TASK OBJECTIVE: For this exercise, output the line holding "DEASIN New Dental" and all subsequent lines of the entries below, unchanged, up to and including the last.

Source records

..........

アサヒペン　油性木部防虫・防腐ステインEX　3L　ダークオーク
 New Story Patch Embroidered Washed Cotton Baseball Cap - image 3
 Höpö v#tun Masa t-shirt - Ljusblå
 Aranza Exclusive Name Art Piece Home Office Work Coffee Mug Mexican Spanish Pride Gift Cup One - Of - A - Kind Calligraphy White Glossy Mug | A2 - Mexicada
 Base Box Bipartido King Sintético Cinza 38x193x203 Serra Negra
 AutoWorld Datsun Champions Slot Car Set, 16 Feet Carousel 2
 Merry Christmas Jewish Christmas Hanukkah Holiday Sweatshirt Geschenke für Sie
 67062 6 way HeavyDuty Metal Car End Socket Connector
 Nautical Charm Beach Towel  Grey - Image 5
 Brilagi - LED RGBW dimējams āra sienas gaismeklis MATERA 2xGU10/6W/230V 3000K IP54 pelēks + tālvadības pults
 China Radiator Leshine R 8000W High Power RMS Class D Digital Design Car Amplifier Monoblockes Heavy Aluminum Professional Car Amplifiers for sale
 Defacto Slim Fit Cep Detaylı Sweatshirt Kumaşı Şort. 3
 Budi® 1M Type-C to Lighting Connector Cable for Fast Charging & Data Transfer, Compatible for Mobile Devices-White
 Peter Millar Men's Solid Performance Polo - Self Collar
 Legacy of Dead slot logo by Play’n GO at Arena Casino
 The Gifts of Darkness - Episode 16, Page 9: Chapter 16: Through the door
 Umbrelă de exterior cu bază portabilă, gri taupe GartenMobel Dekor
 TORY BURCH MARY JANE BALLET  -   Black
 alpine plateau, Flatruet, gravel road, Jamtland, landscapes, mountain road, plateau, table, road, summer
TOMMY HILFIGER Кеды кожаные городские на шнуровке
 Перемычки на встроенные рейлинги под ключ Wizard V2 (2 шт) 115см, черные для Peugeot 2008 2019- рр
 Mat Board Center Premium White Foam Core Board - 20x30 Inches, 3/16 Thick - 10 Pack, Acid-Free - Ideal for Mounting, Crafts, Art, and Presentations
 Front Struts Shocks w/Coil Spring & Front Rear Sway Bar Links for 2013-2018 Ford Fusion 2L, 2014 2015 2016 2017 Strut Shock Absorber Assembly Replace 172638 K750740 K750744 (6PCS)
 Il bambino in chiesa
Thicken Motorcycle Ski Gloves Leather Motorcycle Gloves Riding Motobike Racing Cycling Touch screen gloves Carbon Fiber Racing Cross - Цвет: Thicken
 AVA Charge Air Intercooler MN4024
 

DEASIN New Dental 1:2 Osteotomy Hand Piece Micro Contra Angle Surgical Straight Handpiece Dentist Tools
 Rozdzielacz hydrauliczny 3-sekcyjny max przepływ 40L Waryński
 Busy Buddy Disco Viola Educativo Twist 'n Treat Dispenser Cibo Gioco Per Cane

..........

SOLUTION:
DEASIN New Dental 1:2 Osteotomy Hand Piece Micro Contra Angle Surgical Straight Handpiece Dentist Tools
 Rozdzielacz hydrauliczny 3-sekcyjny max przepływ 40L Waryński
 Busy Buddy Disco Viola Educativo Twist 'n Treat Dispenser Cibo Gioco Per Cane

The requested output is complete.